Breivik became a member of the Progress Party, Norway’s second biggest, in 1999 and paid his membership fees until 2004, party spokesman Mazyar Keshvari said in an e-mail today. He was also a member of the party’s youth movement from 1997 to 2007, acting as deputy chairman for one of the local Oslo chapters.
On a Twitter account bearing his name, Breivik made only one posting, on July 17, paraphrasing English economist and philosopher John Stuart Mill: “One person with a belief is equal to the force of 100,000 who have only interests.”

He’s a Christian fundamentalist with no previous record of criminal offences, Andresen, the deputy police chief, said. Interrogations could last several days, police said today.

Crisis Centers
Two policemen stood outside the 4-story brick apartment building listed as Breivik’s Oslo address in a quiet residential area in the capital’s west. Hemen Noaman, a 27-year-old accounting consultant living in the building, said Breivik’s mother resided in the apartment and that her son would often visit her. Sponheim said police had interrogated Breivik’s mother and that she not been aware of her son’s plans.

Municipalities and cities throughout Norway were setting up crisis centers to aid relatives of the victims. From Tromsoe in the far north of the rugged Nordic country with 4.9 million inhabitants to Oslo in the south, flags were flown at half-mast in remembrance of the victims. The annual youth camp, which began July 19, was set to conclude tomorrow.
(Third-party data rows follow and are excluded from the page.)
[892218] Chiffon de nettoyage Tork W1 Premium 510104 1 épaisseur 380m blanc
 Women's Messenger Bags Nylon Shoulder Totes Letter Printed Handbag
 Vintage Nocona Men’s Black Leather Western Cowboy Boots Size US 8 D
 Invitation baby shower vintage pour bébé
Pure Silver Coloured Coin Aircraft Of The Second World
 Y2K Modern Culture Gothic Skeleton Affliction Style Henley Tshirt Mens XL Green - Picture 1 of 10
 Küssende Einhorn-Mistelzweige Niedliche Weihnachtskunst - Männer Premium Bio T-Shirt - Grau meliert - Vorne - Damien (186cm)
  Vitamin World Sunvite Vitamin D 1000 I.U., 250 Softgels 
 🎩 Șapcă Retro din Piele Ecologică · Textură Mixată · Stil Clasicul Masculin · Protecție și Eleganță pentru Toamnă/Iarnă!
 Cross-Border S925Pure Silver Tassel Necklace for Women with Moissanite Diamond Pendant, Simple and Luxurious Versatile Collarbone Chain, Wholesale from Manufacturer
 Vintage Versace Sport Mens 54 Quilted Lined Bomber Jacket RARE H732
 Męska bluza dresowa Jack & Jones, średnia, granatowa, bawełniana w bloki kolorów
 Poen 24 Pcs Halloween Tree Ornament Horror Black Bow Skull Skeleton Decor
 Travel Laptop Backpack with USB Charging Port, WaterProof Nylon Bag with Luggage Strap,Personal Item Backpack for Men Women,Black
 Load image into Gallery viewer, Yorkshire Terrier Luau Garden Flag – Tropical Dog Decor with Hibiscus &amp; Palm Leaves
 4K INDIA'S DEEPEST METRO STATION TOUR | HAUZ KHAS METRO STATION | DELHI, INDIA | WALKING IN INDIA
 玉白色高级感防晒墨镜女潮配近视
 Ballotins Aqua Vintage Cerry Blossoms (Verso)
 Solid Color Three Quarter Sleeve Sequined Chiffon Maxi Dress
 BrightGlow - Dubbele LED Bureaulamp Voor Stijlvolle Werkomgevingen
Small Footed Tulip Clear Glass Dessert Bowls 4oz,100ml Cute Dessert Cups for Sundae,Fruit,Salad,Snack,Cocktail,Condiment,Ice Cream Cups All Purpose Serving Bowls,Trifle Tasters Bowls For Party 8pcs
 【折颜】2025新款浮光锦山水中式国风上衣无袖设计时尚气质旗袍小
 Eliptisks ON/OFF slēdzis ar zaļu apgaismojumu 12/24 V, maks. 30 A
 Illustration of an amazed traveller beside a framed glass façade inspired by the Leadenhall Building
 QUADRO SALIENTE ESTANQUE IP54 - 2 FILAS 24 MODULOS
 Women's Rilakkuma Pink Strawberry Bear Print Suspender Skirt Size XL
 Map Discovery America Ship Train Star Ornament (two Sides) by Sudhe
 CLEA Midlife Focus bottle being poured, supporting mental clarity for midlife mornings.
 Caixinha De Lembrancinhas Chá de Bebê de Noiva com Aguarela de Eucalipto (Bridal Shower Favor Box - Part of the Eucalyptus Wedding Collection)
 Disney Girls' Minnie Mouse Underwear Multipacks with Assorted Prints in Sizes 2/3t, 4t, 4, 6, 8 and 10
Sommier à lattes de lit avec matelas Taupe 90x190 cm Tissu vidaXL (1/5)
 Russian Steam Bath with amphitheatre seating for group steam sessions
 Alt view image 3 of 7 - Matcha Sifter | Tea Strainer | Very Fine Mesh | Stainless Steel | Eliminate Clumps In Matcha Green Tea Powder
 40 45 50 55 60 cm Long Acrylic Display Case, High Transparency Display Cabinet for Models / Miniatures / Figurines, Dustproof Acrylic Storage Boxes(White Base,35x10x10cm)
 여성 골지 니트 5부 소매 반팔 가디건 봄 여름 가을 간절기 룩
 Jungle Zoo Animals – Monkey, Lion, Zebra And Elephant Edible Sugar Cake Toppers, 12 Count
“Not since World War II has our country experienced a greater tragedy,” Stoltenberg said. “For me, Utoeya was the paradise island of my youth that was transformed into hell.”
Police, who would not speculate about a motive, “see a connection between the attack in the Oslo center and the attack on the island because both are at political sites,” Anders Frydenberg, an Oslo police spokesman, said by telephone. Police do not know whether the suspect was acting alone, Sponheim said.

Progress Party
The Progress Party, which posted its best result in Norway’s last parliamentary elections since it was formed as an anti-tax movement in 1973, is preparing to contest local elections on Sept. 12. A poll conducted by Norfakta earlier this month showed the opposition Conservative and Progress parties combined would obtain a majority in parliament, beating the ruling center-left coalition government.

“The parties on the right have had strong loyalty recently while parties on the left have had less,” Frank Aarebrot, a University of Bergen political science professor, said today. After these attacks, “Labor supporters will rally to the flag. Progress Party supporters could become a little less certain.”

Like other Nordic countries, Norway has a high rate of gun ownership, mostly semi-automatic and bolt-action rifles and shotguns, due to the popularity of hunting. As of January 1, 2010, 439,000 Norwegians were recognized by the Norwegian Register of Hunters, or about one in every 10 citizens.

Scared Children
Neighboring Sweden had a brush with what police treated as a possible terrorist attack in December when a suicide bomber injured two people in central Stockholm.
“The attacks that were carried out in Oslo and at Utoeya were an attack on the Norwegian society we value so highly,” Norway’s King Harald said in an address to the nation today. “Across the entire country people have lost loved ones. There are many young people and children who are scared today. We need to take especially good care of them.”

Danish Prime Minister Lars Loekke Rasmussen sent a statement conveying his “deepest sympathy and solidarity” with the Norwegian people. U.S. President Barack Obama said the attacks showed that “no country large or small” is immune to such violence. U.N Secretary-General Ban Ki-moon said he was “shocked” by the attacks, which NATO Secretary-General Anders Fogh Rasmussen classified as a “heinous act.”